- YOUR GOAL: Your answer must be an exact copy of the listing, with the images left out.
═══ DATASET EXCERPT ═══
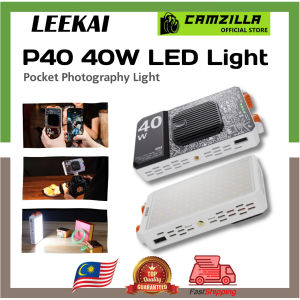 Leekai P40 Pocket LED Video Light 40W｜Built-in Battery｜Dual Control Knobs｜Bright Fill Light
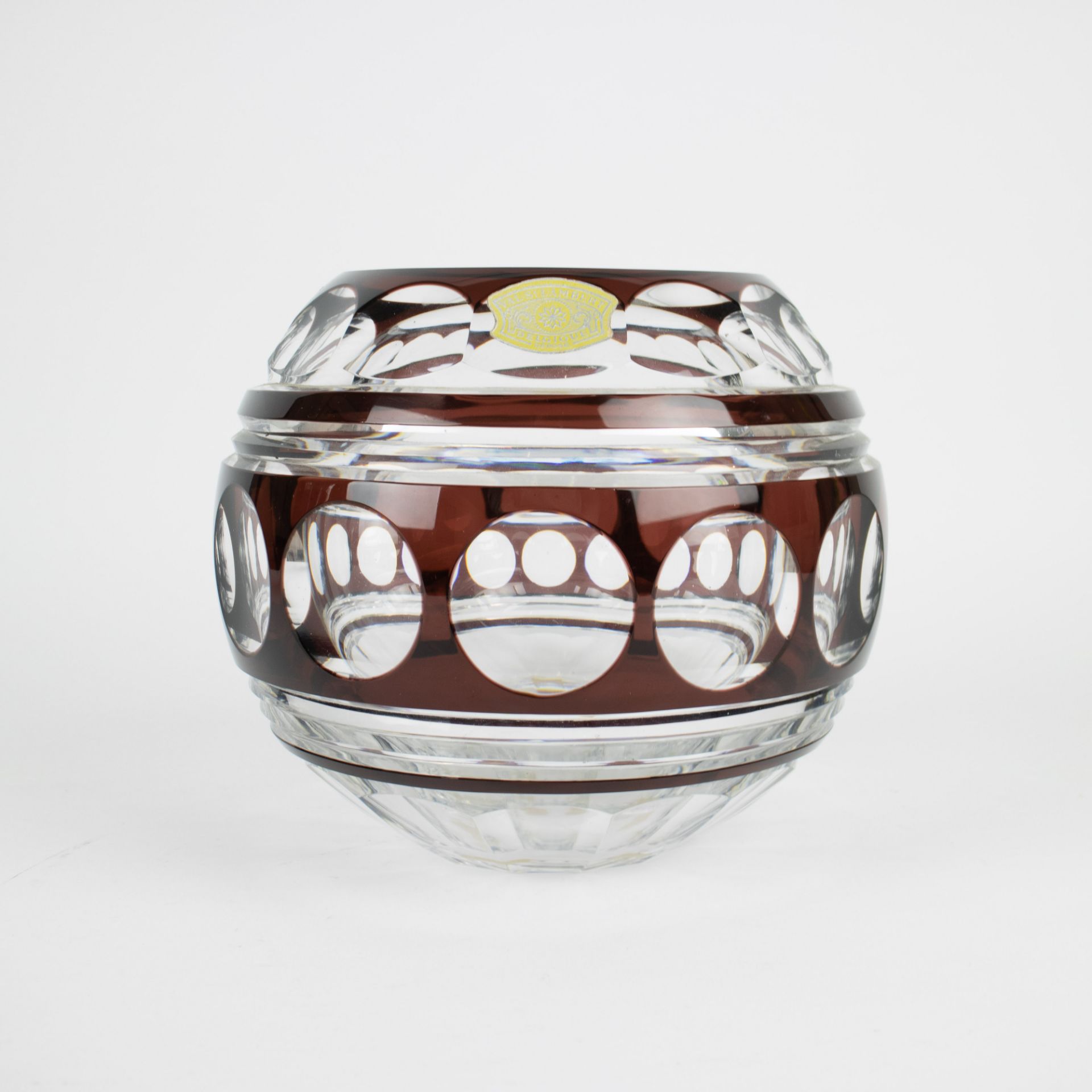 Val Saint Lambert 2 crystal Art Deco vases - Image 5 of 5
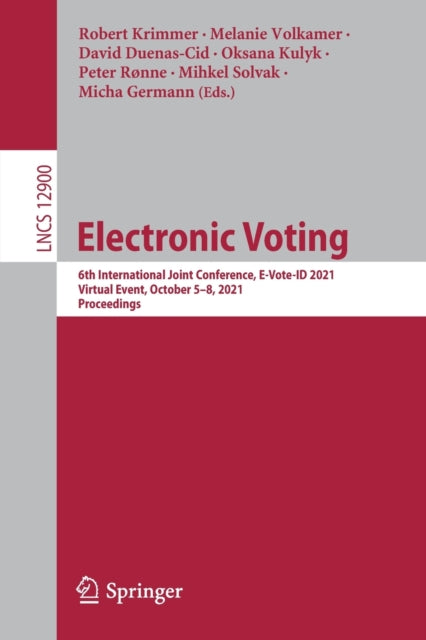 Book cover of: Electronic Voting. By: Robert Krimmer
═══
- YOUR RESPONSE:
 Leekai P40 Pocket LED Video Light 40W｜Built-in Battery｜Dual Control Knobs｜Bright Fill Light
 Val Saint Lambert 2 crystal Art Deco vases - Image 5 of 5
 Book cover of: Electronic Voting. By: Robert Krimmer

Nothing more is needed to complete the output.